While these concepts emerge from the editor’s invitation for authors to engage with my work, the real importance of this volume is not simply its extension of, or challenge to rhetorical listening. This cluster conversation is important, it seems to me, because it offers a number of voices in concert with the question of queering listening; these voices, then, expand the repertoire of responses to the question and problem—indeed the call to action—posed by Jacqueline Jones Royster when she asked, “How do we translate listening into language and action? (“When the First Voice” 38). 

Having answered Royster’s call, the contributors to this volume have participated in the time-honored tradition of questioning existing theories within scholarly conversations. More importantly, the contributors have taken ownership of methods for queering existing theories, in this case rhetorical listening. In the process, they have modelled for students and other researchers how to queer questions and how to produce queer concepts/theories that may, in turn, undergird future rhetorical teaching and research. This modelling is important because this volume demonstrates not just the how but also the why as it insistently resists the normative functions of tradition, scholarly or otherwise. 

With that thought in mind, I will close as I began, by thanking the editor and the contributors to this volume.

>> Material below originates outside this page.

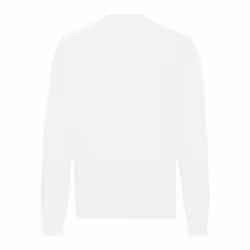 Fruit of the Loom Mens Classic 80/20 Set-in Sweatshirt - L, White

Such voices and ears, I believe, offer (to echo my friend Cheryl Glenn) a thing called hope.

Endnotes

  1. This volume is not the first conversation about queering listening. For example, John Landreau proposed queering listening in his chapter in the 2012 collection he co-edited with Nelson Rodriquez, and Timothy organized a CCCC’s panel in 2015 consisting of Timothy, Kendall Gerdes, and Devon Kehler—all of whom very smartly engaged the question of queering the ear.
  2. Karen Kopelson’s 2003 “Rhetoric on the Edge of Cunning” still engenders important conversations about métis.

Works Cited

  • Glenn, Cheryl. Rhetorical Feminism and This Thing Called Hope. SIUP, 2018.
  • Kopelson, Karen. “Rhetoric on the Edge of Cunning; Or, the Performance of Neutrality (Re)Considered as a Composition Pedagogy for Student Resistance.” College Composition and Communication, vol. 55, no. 1 (Sep., 2003), pp. 115-146.
  • Landreau, John. “Queer Listening as a Framework for Teaching Men and Masculinities” Queer Masculinities: A Critical Reader in Education. Edited by John Landreau and Nelson Rodriguez, Springer, 2012, pp.155-167.
  • Royster, Jacqueline Jones. “When the First Voice You Hear Is Not Your Own.” College Composition and Communication, vol. 47, no. 1 (Feb., 1996), pp. 29-40.